What are you doing now and for whom?
I am a Goldman Sachs 10k small Biz business growth coach and provide organizations with employee training & professional development
What common challenges do you encounter as an OD Professional?
An unwillingness on the part of organizations to invest in their people, senior leadership’s inability to view their unconscious biases and a lack of business ownership empathy and emotional intelligence.
Tell us about your commitment to advancing a culture of success in organizations you work with.
I help organizations from start-up to established multinational corporations, non-profits, and Government agencies to chart a strategy for evolution in today’s five-generation American workplace to remain competitive given the tremendous accelerated pace of societal change
What methods, resources, or content does your team create and offer to allow for this type of transformation?
I work with my clients to identify where they are currently, where they want to go, and how to get there. This is most often done by defining, creating, and implementing employee-centric programs to release their people’s untapped potential. Several programs that I have developed for my clients include emotional intelligence, effective communications, relationship-building, teamwork, employee coaching/mentoring, reward and recognition, idea generation, critical thinking/creative problem-solving. I have worked with organizations to re-architect their talent acquisition programs and build diverse and inclusive workplaces by transforming their cultures from 20th Century profit focus to 21st-century employee empowerment.

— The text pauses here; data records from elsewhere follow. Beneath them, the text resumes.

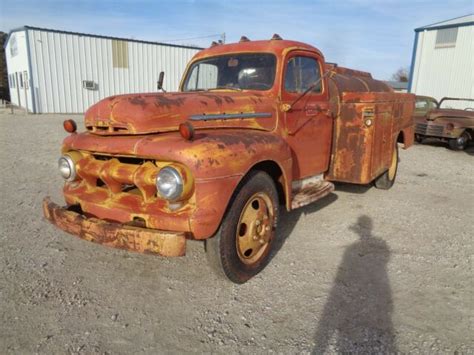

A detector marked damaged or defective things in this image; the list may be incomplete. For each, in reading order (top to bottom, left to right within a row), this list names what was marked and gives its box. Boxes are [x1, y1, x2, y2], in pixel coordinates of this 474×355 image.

rusty orange truck [44, 36, 414, 284]
rusted fender [43, 197, 185, 256]
corroded front bumper [42, 197, 186, 258]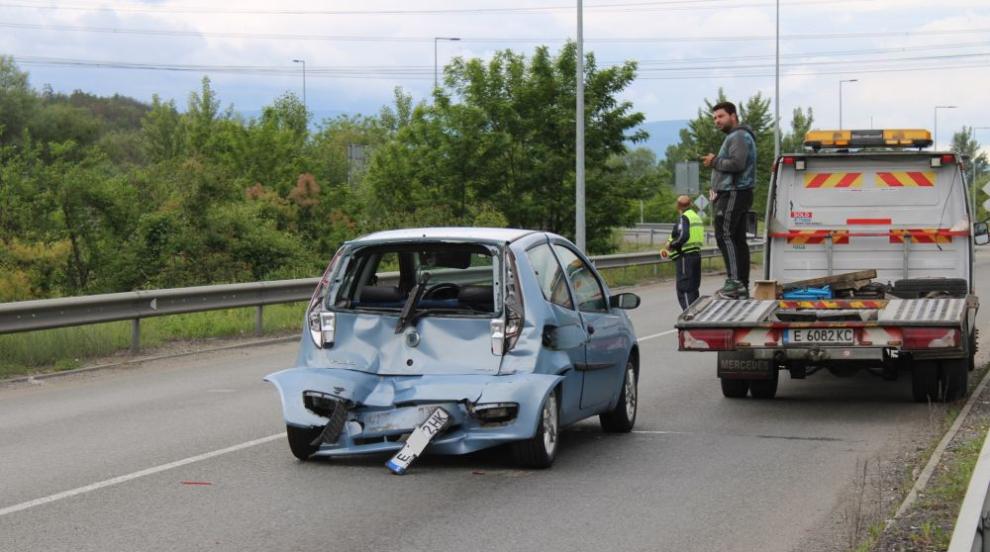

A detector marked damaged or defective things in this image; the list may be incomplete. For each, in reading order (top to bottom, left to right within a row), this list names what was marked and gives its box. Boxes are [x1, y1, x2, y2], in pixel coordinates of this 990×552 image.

broken rear windshield [336, 242, 504, 314]
dented car body panel [264, 226, 640, 460]
damaged blue car [266, 229, 644, 470]
detached license plate [788, 328, 856, 344]
detached license plate [386, 408, 452, 476]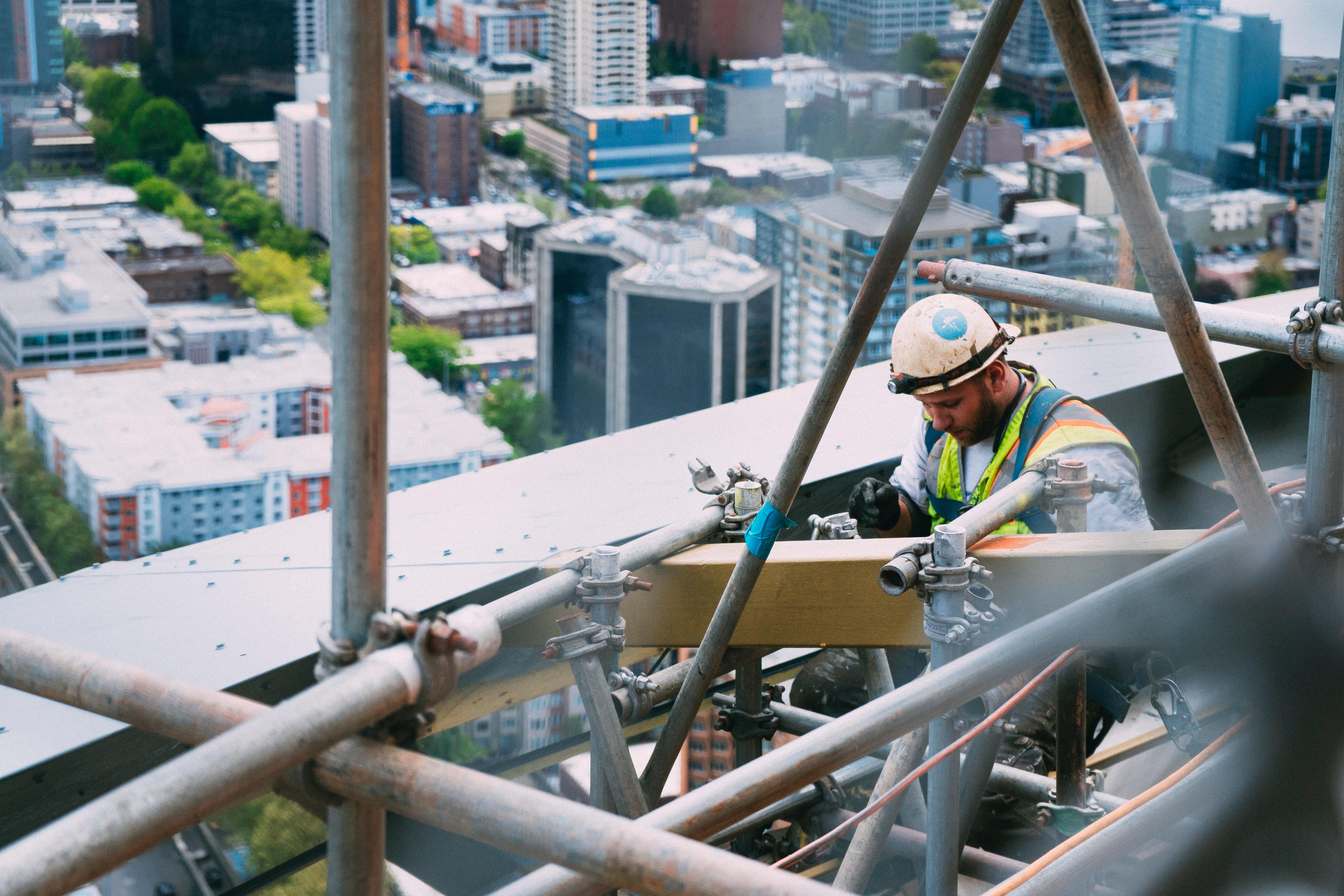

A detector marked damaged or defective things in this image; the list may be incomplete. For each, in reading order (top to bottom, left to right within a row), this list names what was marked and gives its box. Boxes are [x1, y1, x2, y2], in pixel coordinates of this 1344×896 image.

rusty scaffold pipe [637, 0, 1027, 806]
rusty scaffold pipe [1032, 0, 1274, 537]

In what ways does OD work take into consideration the whole individual in experiencing growth and learning?
The employee is the heart of any organization. The challenge is to work with individuals who own and run organizations to adapt their own mindsets and approaches to organizational that lead them away from outdated failed processes of control and asset allocation to employee empowerment and engagement/ This is the heart of my book: “The Compassionate Organization” where I spent five years researching the characteristics and attributes that all great organizations share. And the one consistent universal characteristic is compassionate cultures.
How do you and your clients measure those results? Can you share a specific example?
We conduct employee-based ROIs (considered Human capital audits) to identify the skills, expertise, knowledge, training, and education that each employee possesses that they are empowered to use in determining their own work. These assessments are in actuality employee autonomy audits.
Of the various business transformation initiatives that you’ve spearheaded, how did you get the ball rolling? You go on client active listening tours. Speak to ownership/leadership, the management ranks, then front line staff. I then integrate my finding s by speaking with their clients, vendors, partners, suppliers. I interview their key stakeholders. But at the heart of everything that I do to help organizations transition, is a singular focus on their employees, not just full-time staff but temporary employees, contract workers…everybody.
How do you sell your ideas to senior leaders in the organization?
By throwing back the curtains that blind them to the realities of their organization, how it engages or fails to empower its people and the tremendous gains that can be made by tapping into the riches of talents their people possess that they are not leveraging for lasting competitive advantage.
How have you been able to position yourself as a trusted advisor either internally or externally as an OD Professional?
I really do possess a fairly unique and unmatched background. I spent the first 23 years of my career in corporate America in a number of marketing and product management roles. I have taught business courses on leadership, ethics, organizational behavior, etc. at 9 NY/NJ Universities, and conducted career exploration and workforce readiness talks at over 50 colleges & Universities. I am a Marion Ewing Kaufman Foundation Growth venture trained coach and a business coach for the Goldman Sachs 10k small business program.
I spent the first 5 years in my practice as a career coach, and my first book was “Bulletproof your career in a turbulent time.” I have since then pivoted my focus over the last five years to provide organizational development coaching and strategic business consulting to 250+ organizations including the Fortune 500 (Calvin Klein, JNJ, Goldman Sachs, etc.), family-run businesses, start-up’s as well as over 100 non-profits, Gov’t agencies.
Organizational transformation often takes months and years. How do you maintain momentum for such a long period?
As you’re undertaking a transformation, how do you spread the word about what’s happening within the organization? I work with the power brokers to develop a 365-day communication editorial calendar with an action plan and a pre-funded budget. We go inside and outside the organization but ALWAYS with an emphasis on full and complete transparency in communicating with employees. No organization has EVER gotten into trouble for communicating its vision, mission, values, and employee-driven OD initiatives too much.
Do you have any final lessons that you’d like to share?
Start small…think big…begin now. Apply a ready, fire, aim approach. Always, always engage your people in meaningful discussions. Stop hiring for job descriptions, get rid of those destructive performance reviews, understand that people are really bad at evaluating others, start seeking superhero qualities. Hire the best attributes and you can always train those superstars on how to get the work done. Management is a dirty word in my book. Management is a leftover vestige of a bygone 20th century with a destructive focus on profits. Work with organizations to shift their focus to their people. Start understanding, learning and then training our 21st-century transformational leaders.